◆ How to complete this task ◆
Find the line with "Patch thêu hình" in the records below. Output exactly from there until after the line with "Ital-Design Stiefelette in", without pictures.

◆ Information ◆

============

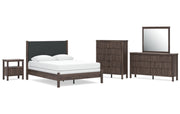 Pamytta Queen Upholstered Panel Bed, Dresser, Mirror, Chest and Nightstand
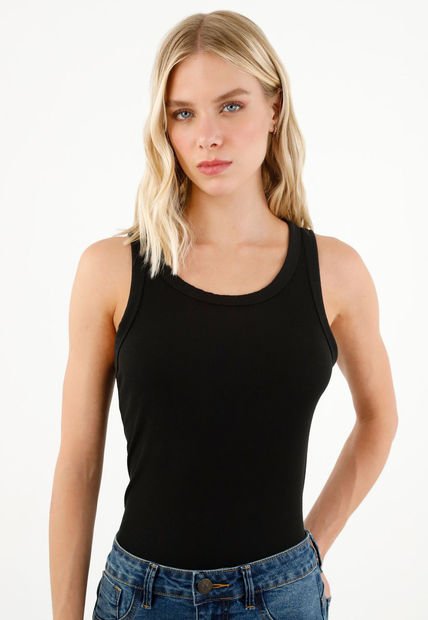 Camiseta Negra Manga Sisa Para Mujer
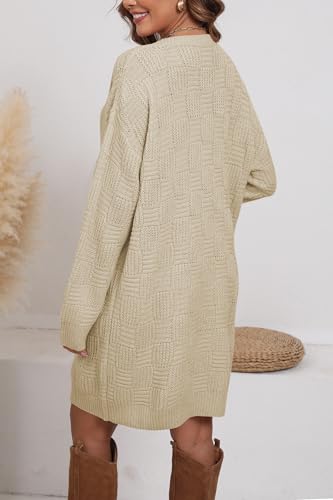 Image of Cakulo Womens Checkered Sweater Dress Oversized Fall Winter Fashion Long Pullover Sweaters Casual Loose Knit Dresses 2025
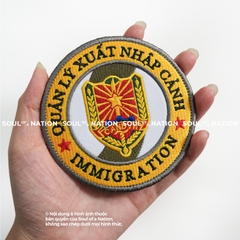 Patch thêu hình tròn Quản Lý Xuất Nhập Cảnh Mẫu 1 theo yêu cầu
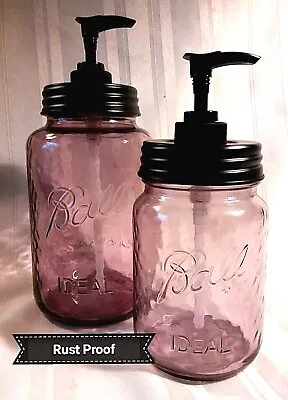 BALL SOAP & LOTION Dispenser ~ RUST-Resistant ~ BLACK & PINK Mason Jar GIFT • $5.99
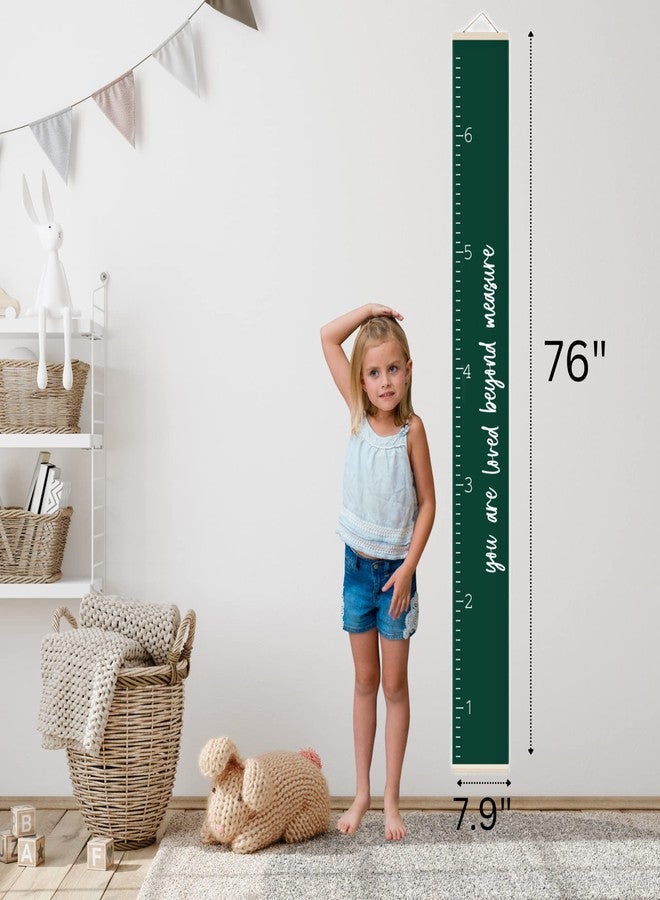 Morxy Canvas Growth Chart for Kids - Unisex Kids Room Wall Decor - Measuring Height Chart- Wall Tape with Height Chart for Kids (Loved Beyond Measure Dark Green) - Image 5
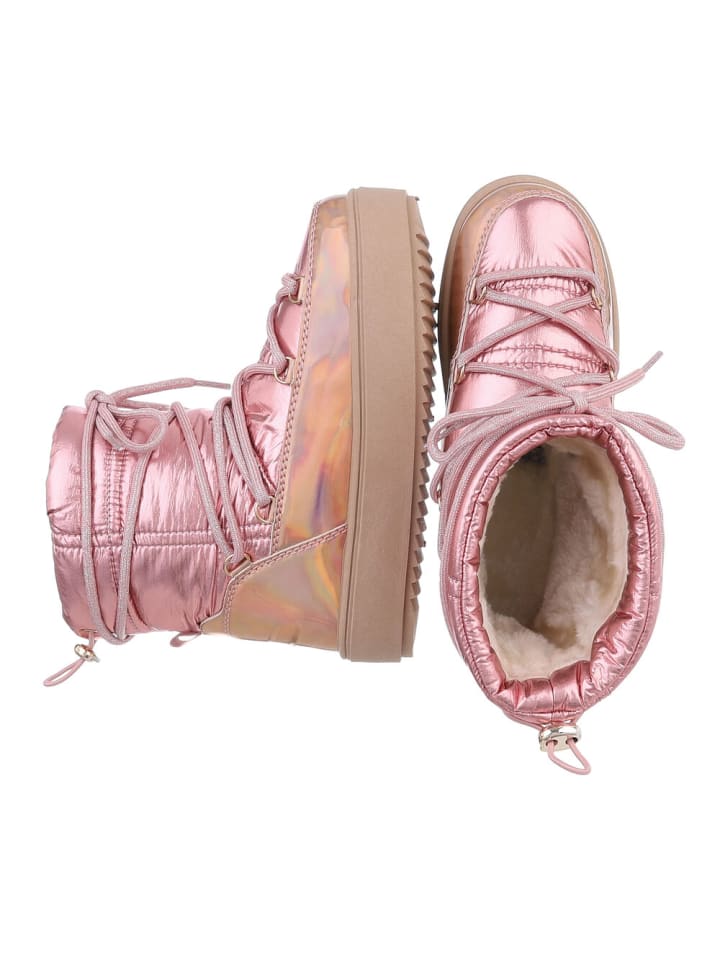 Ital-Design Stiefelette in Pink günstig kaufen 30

============

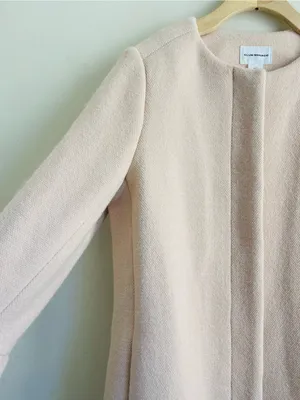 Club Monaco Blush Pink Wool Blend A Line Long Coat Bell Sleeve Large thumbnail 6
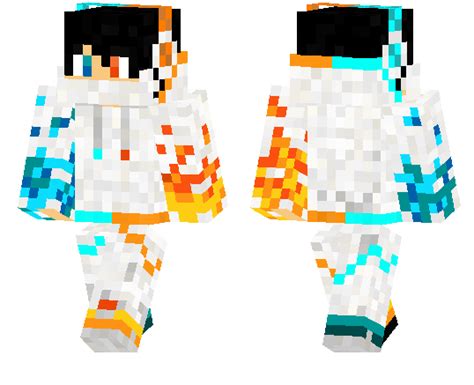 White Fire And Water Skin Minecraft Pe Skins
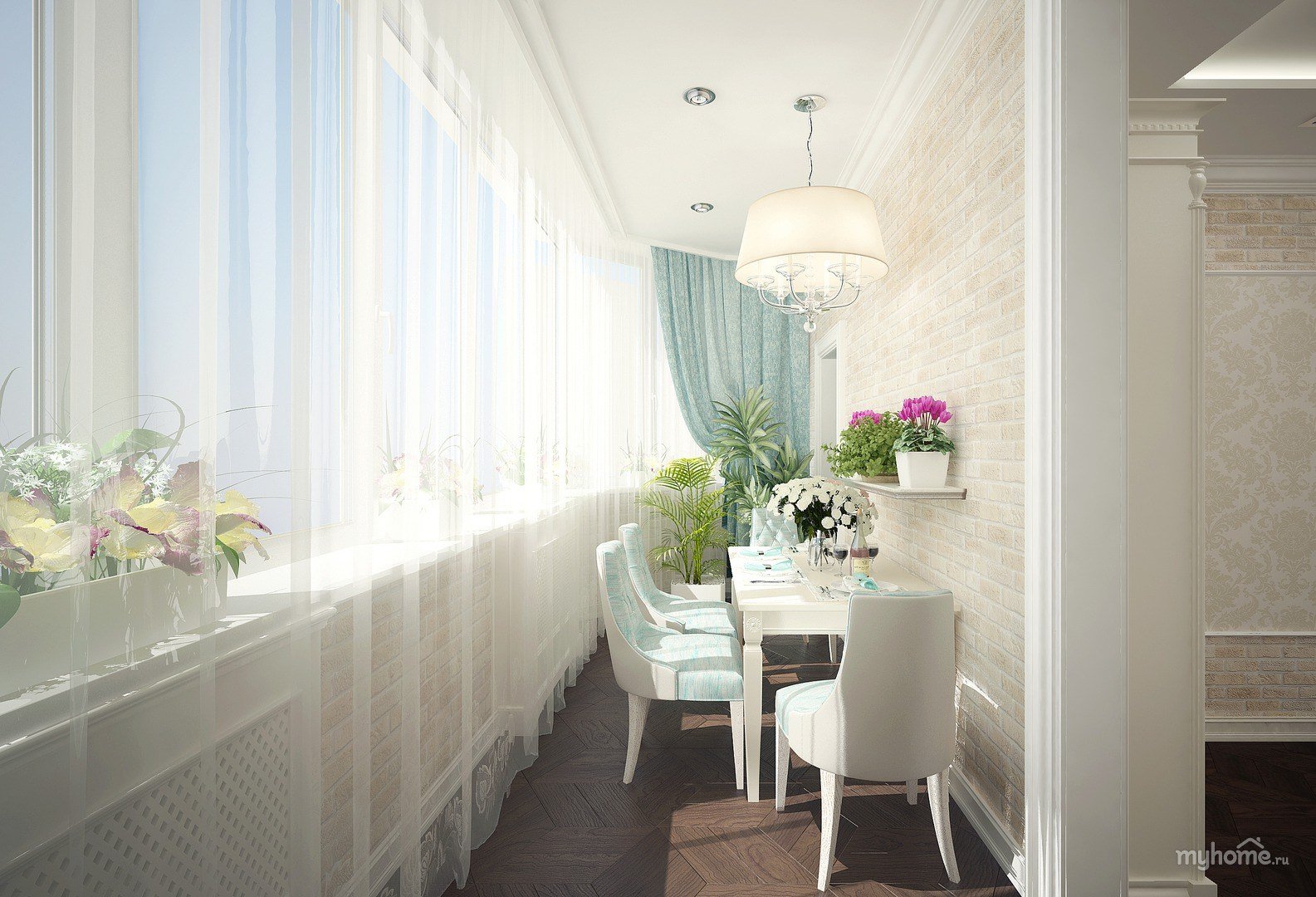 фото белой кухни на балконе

============

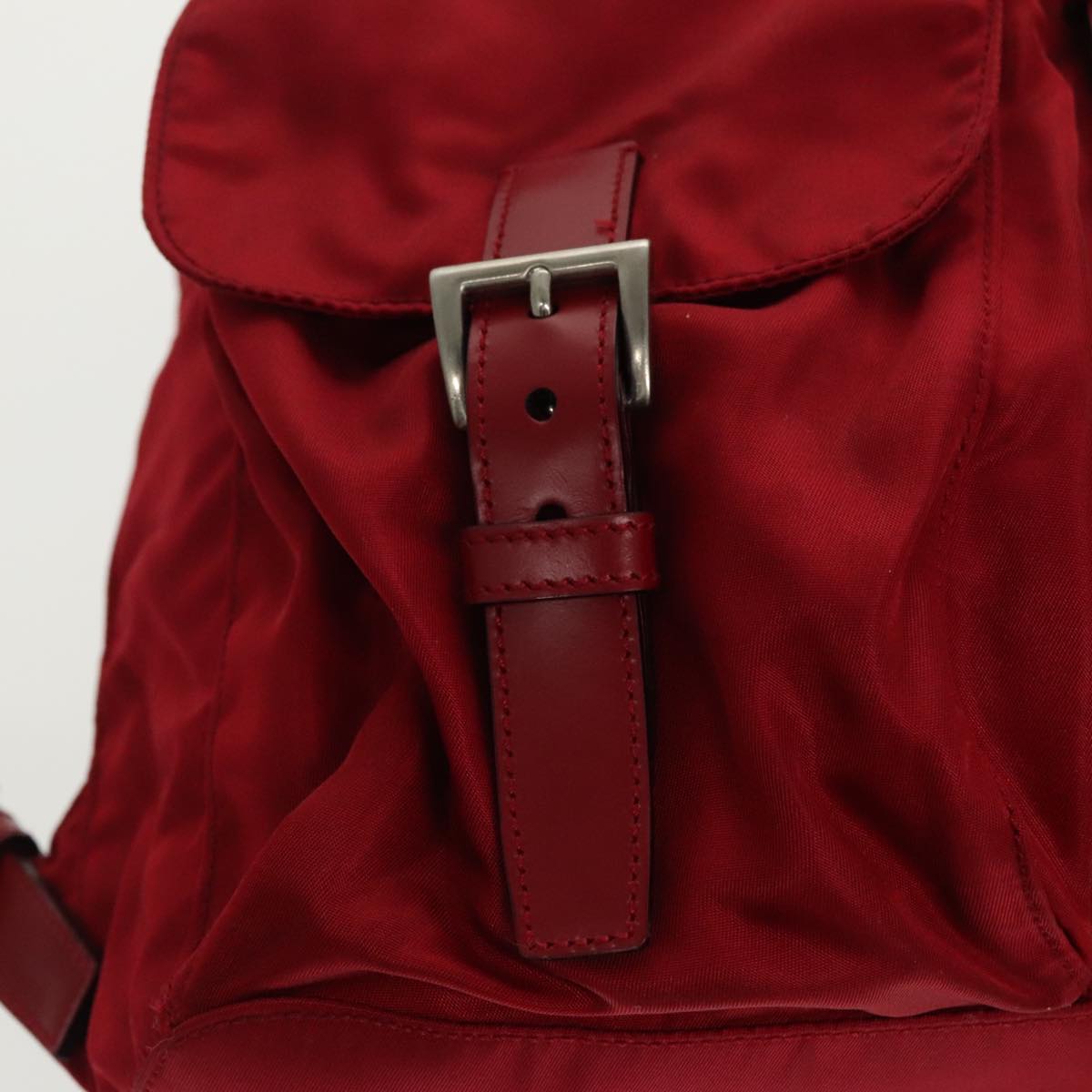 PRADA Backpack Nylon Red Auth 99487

============

◆ Answer for the task ◆
 Patch thêu hình tròn Quản Lý Xuất Nhập Cảnh Mẫu 1 theo yêu cầu
 BALL SOAP & LOTION Dispenser ~ RUST-Resistant ~ BLACK & PINK Mason Jar GIFT • $5.99
 Morxy Canvas Growth Chart for Kids - Unisex Kids Room Wall Decor - Measuring Height Chart- Wall Tape with Height Chart for Kids (Loved Beyond Measure Dark Green) - Image 5
 Ital-Design Stiefelette in Pink günstig kaufen 30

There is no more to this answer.